How single-shot detector (SSD) works? | ArcGIS API for Python

Image classification and object detection

Image classification in computer vision takes an image and predicts the object in an image, while object detection not only predicts the object but also finds their location in terms of bounding boxes. For example, when we build a swimming pool classifier, we take an input image and predict whether it contains a pool, while an object detection model would also tell us the location of the pool.

Figure 1. Difference between classification and object detection

For illustrative purpose, assuming there is at most one class and one object in an image, the output of an object detection model should include:

Probablity that there is an object,
Height of the bounding box,
Width of the bounding box,
Horizontal coordinate of the center point of the bounding box,
Vertical coordinate of the center point of the bounding box.

This is just one of the conventions of specifying output. Different models and implementations may have different formats, but the idea is the same, which is to output the probablity and the location of the object.

Why sliding window approach wouldn't work?

It's natural to think of building an object detection model on the top of an image classification model. Once we have a good image classifier, a simple way to detect objects is to slide a 'window' across the image and classify whether the image in that window (cropped out region of the image) is of the desired type. Sounds simple! Well, there are at least two problems:

(1) How do you know the size of the window so that it always contains the object? Different types of objects (palm tree and swimming pool), even the same type of objects (e.g. a small building and a large buidling) can be of varying sizes as well.
(2) Aspect ratio (the ratio of height to width of a bounding box). A lot of objects can be present in various shapes like a building footprint will have a different aspect ratio than a palm tree.
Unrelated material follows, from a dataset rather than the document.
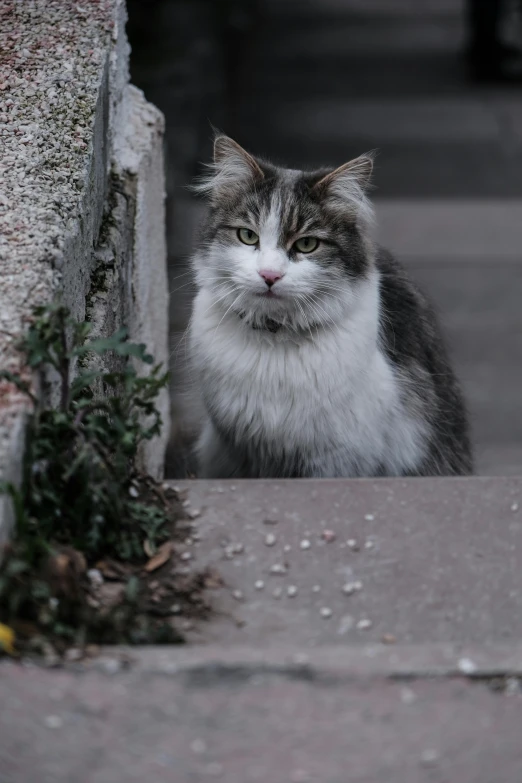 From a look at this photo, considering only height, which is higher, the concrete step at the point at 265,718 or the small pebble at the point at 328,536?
the small pebble at the point at 328,536

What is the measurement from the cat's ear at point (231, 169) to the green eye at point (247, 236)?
174 mm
To solve these problems, we would have to try out different sizes/shapes of sliding window, which is very computationally intensive, especially with deep neural network.

Figure 2. Example of sliding window approach

In practice, there are two types of mainstream object detection algorithms. Algorithms like R-CNN and Fast(er) R-CNN use a two-step approach - first to identify regions where objects are expected to be found and then detect objects only in those regions using convnet. On the other hand, algorithms like YOLO (You Only Look Once) [1] and SSD (Single-Shot Detector) [2] use a fully convolutional approach in which the network is able to find all objects within an image in one pass (hence ‘single-shot’ or ‘look once’) through the convnet. The region proposal algorithms usually have slightly better accuracy but slower to run, while single-shot algorithms are more efficient and has as good accuracy and that's what we are going to focus on in this section.
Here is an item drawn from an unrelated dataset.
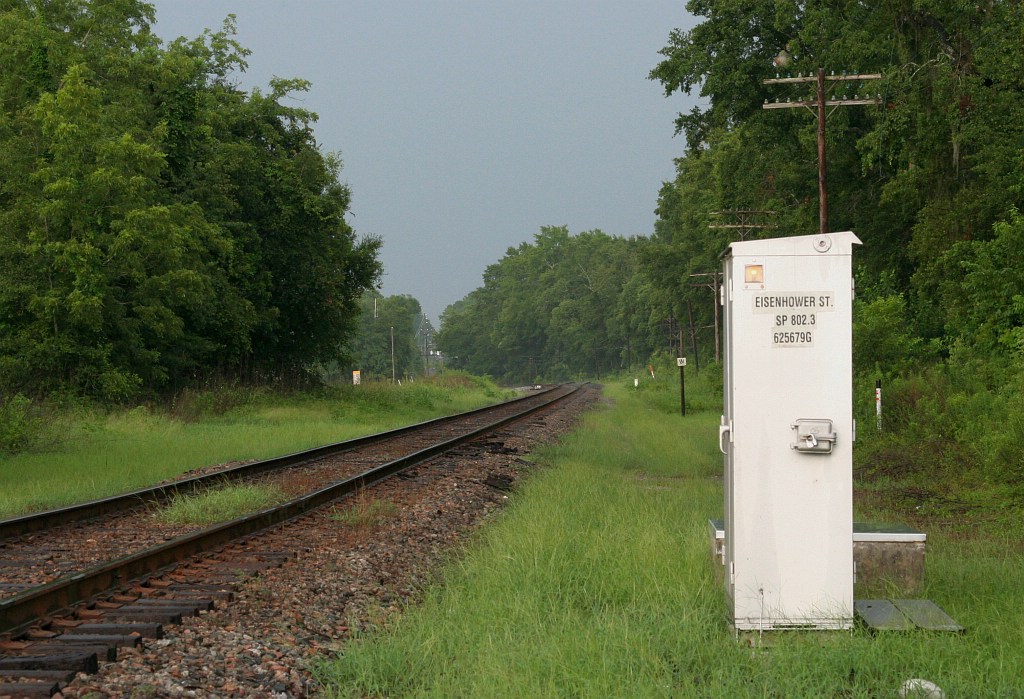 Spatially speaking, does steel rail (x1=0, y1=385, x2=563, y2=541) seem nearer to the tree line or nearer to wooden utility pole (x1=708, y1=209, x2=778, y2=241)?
the tree line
To follow the guide below, we assume that you have some basic understanding of the convolutional neural networks (CNN) concept. You can refresh your CNN knowledge by going through this short paper “A guide to convolution arithmetic for deep learning”.
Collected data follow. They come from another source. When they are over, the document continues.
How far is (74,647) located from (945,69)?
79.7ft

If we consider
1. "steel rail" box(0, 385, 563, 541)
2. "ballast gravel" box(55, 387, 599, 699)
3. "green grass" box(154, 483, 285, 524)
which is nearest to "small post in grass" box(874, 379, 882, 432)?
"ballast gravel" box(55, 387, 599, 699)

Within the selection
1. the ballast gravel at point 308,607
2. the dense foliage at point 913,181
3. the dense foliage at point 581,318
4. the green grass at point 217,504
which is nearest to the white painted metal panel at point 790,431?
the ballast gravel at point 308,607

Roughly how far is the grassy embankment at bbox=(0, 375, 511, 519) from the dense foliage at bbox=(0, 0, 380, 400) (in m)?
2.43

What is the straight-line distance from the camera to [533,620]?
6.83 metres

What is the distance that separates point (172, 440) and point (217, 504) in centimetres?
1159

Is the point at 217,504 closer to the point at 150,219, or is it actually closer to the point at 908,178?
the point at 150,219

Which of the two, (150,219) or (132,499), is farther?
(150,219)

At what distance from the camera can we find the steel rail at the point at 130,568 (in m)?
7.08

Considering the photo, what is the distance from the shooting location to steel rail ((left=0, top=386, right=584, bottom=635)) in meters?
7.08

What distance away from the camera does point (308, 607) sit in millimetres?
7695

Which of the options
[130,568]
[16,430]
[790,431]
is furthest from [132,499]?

Single-Shot Detector (SSD)

SSD has two components: a backbone model and SSD head. Backbone model usually is a pre-trained image classification network as a feature extractor. This is typically a network like ResNet trained on ImageNet from which the final fully connected classification layer has been removed. We are thus left with a deep neural network that is able to extract semantic meaning from the input image while preserving the spatial structure of the image albeit at a lower resolution. For ResNet34, the backbone results in a 256 7x7 feature maps for an input image. We will explain what feature and feature map are later on. The SSD head is just one or more convolutional layers added to this backbone and the outputs are interpreted as the bounding boxes and classes of objects in the spatial location of the final layers activations.

In the figure below, the first few layers (white boxes) are the backbone, the last few layers (blue boxes) represent the SSD head.

Figure 3. Architecture of a convolutional neural network with a SSD detector [2]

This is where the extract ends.